Hi, I'm having an issue with a script should be getting data via POST from a form and then updating the data based a 2nd post variable.  However, even though the post variables echo fine when I checked, they don't seem to work inside the update mysql query. I've checked on several websites and my syntax seems good.

 

 

Please Help!!

_--Zach

<?php

$con = mysql_connect("localhost","NAME","PASSWORD");
if (!$con)
  {
  die('Could not connect: ' . mysql_error());
  }
mysql_select_db("DB", $con);
mysql_query("UPDATE DB SET value1 = $_POST['data1'] WHERE value = $_POST['data2']");
mysql_close($con);
?>

 

 

 

 

[attachment deleted by admin]

[Maq]

Most likely your query is invalid.  What types of columns are 'value1' and 'value'?  My guess is that your columns are a type that require single quotes around them.  For a quick and dirty way to display mysql errors you can modify your code to this:

 

mysql_query("UPDATE DB SET value1 = $_POST['data1'] WHERE value = $_POST['data2']") or die("Error: " . mysql_error());

 

For a better way and explanation of how to properly handle mysql errors you should read this - http://www.phpfreaks.com/blog/or-die-must-die.
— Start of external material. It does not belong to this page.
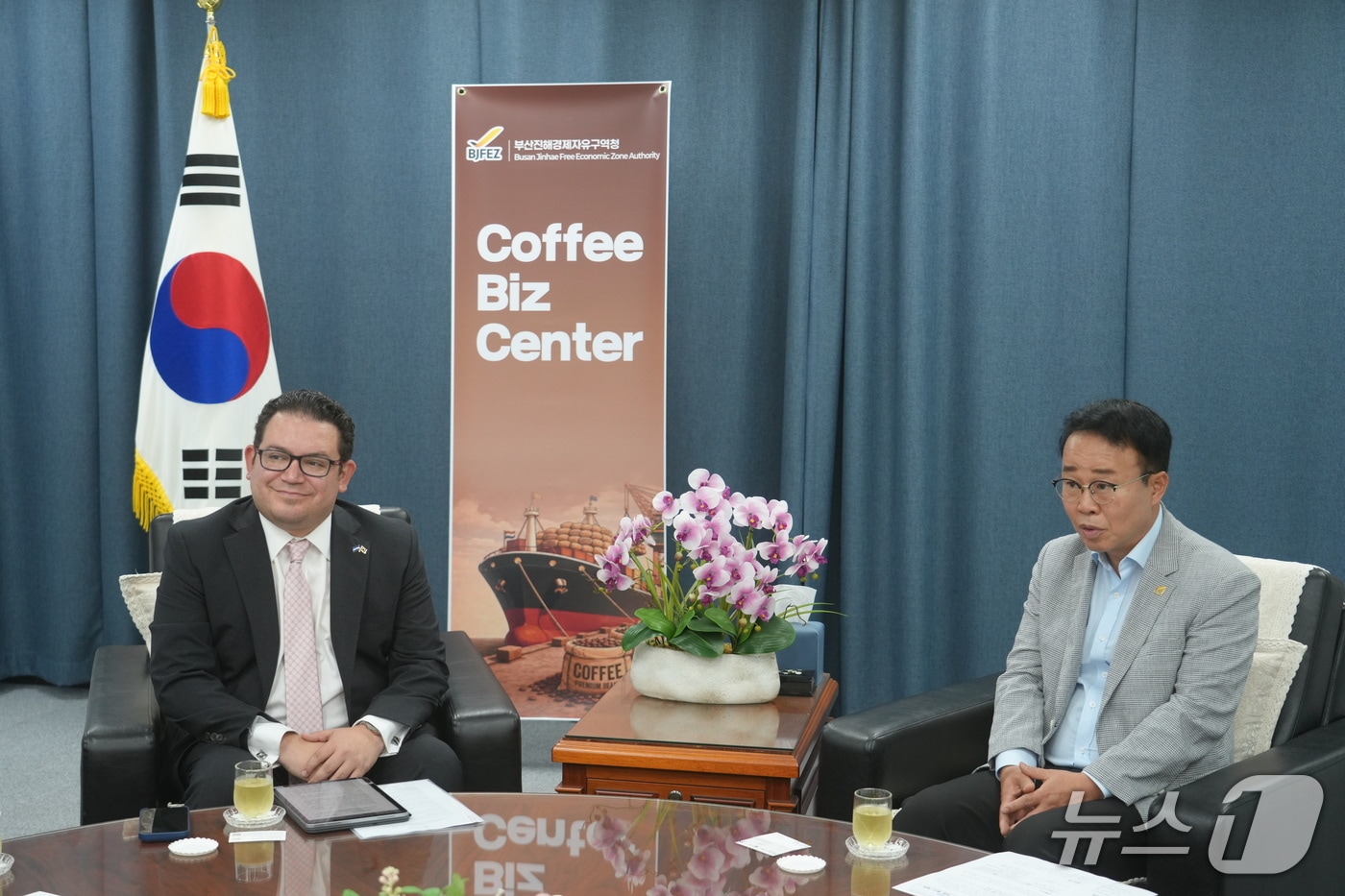 박성호 부산진해경제자유구역청장(오른쪽)과 페데리코 게레로 주한 엘살바도르 대사가 대화를 나누는 모습 (경자청 제공. 재판매 및 DB금지)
You should also sanitize your post values with mysql_real_escape_string.

[VictorVonKai]

The columns are both TEXT. Also,

I added the debug code to from your previous post. However, I didn't get any output from it.

[PFMaBiSmAd]

The code you posted contains fatal parse/syntax errors due to putting array variables inside of a string. You would need to put {} around each {$_POST[...]} variable and you should be developing and debugging your code on a system with error_reporting set to E_ALL and display_errors set to ON in your master php.ini (or a local php.ini or a .htaccess file) so that all the errors that php detects will be reported and displayed. You will save a ton of time.

 

Also, since the values are apparently text, you would need to enclose them in single-quotes inside of the query to prevent sql syntax errors.

 

mysql_query("UPDATE DB SET value1 = '{$_POST['data1']}' WHERE value = '{$_POST['data2']}'");

[VictorVonKai]

Thank You!!!

I have only been using php for about two months(I've been animating and coding in flash for about a year now) now, and this is part of my first real program in php.